Внезапно загорелся электрический свет, сразу и на столе, и во всех четырех углах огромной комнаты, и на потолке, — градоначальник не любил темных углов. Тьфу, наваждение — да «неуловимый Серго», сиречь Григорий Константинович Орджоникидзе, уже давно сидит в Шлиссельбурге, оттуда не убежишь!

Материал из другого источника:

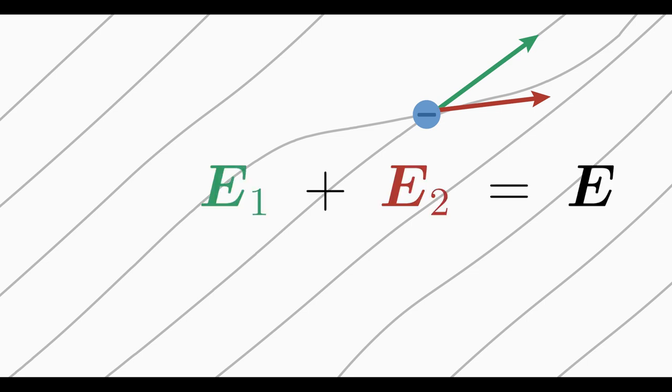This contradicts the superposition principle, according to which two electric field vectors at one location would simply add up and thus result in a single unique field vector.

Мартынов вернулся к столу и снова прочел свою телеграмму наместнику. В ней чувствовался испуг. Нет, пугаться нельзя, начальство этого не любит. Что такое толковал ротмистр Келлер о каком-то младшем уряднике, который чуть ли не на рысях повел свой полувзвод прямо на многочисленную толпу забастовщиков? Мартынов взял рапорт Келлера и перечел, подчеркнул красным карандашом фамилию урядника Булавина. Фамилия бунтовщическая, какой-то Булавин еще против Петра бунтовал. А этот действовал как истинный верноподданный согласно присяге, слепо, не рассуждая: раз приказано — бей, хотя бы их тысячи скопились… Молодец казак! «Представить к награде», — подумал и написал на рапорте Мартынов. «Пока не нужно просить перевести полк, нет — еще подождем. Придет еще, казак, твой час, спустим мы тебя с цепи. А пока пусть измотаются, наголодаются «товарищи забастовщики», мы же будем действовать — как это говорит Елена Георгиевна? — респектабельно… Мы ничего не испугались, нет. Просто не видим причин вмешиваться. Забастовка, протекающая мирно, может обойтись без вмешательства полиции… именно так. Объявление нужно расклеить такое по городу, пусть прочтут и видят, что начальство ничуть не напугано и что все предусмотрено, именно так». Он вышел на балкон и увидел охваченную электрическими огнями бухту между двумя мысами, глубоко вдающимися в море. Огни дрожали, переливались, и в этом, как и в звуках музыки, глухо доносившейся с Парапета, и в уличном шуме слышна была та настоящая, бессмысленная жизнь, столь любезная градоначальнику. Жизнь без опасных раздумий. Каждый занят самим собой, никуда не лезет и головы не поднимает. Вот именно к таким благонадежным людям и должно адресоваться объявление градоначальника.
В этот миг, как бы выражая силу государства, в порт медленно кильватерной колонной вошли четыре канонерские лодки — длинные, серые — и сразу осветили темную бухту теми огнями, что горели на мачтах, и теми, что отражались в воде.
Мартынов вернулся к креслу и стал быстро, почти без помарок писать:
«Объявление
Ввиду прекращения работ на многих предприятиях в Бакинском промысловом районе, считаю необходимым поставить в известность как владельцев и управляющих промышленных предприятий, с одной стороны, так и рабочих и служащих, с другой стороны, что забастовка, протекающая вполне мирно и при полном соблюдении обеими сторонами надлежащих законов, может обойтись без вмешательства полиции…»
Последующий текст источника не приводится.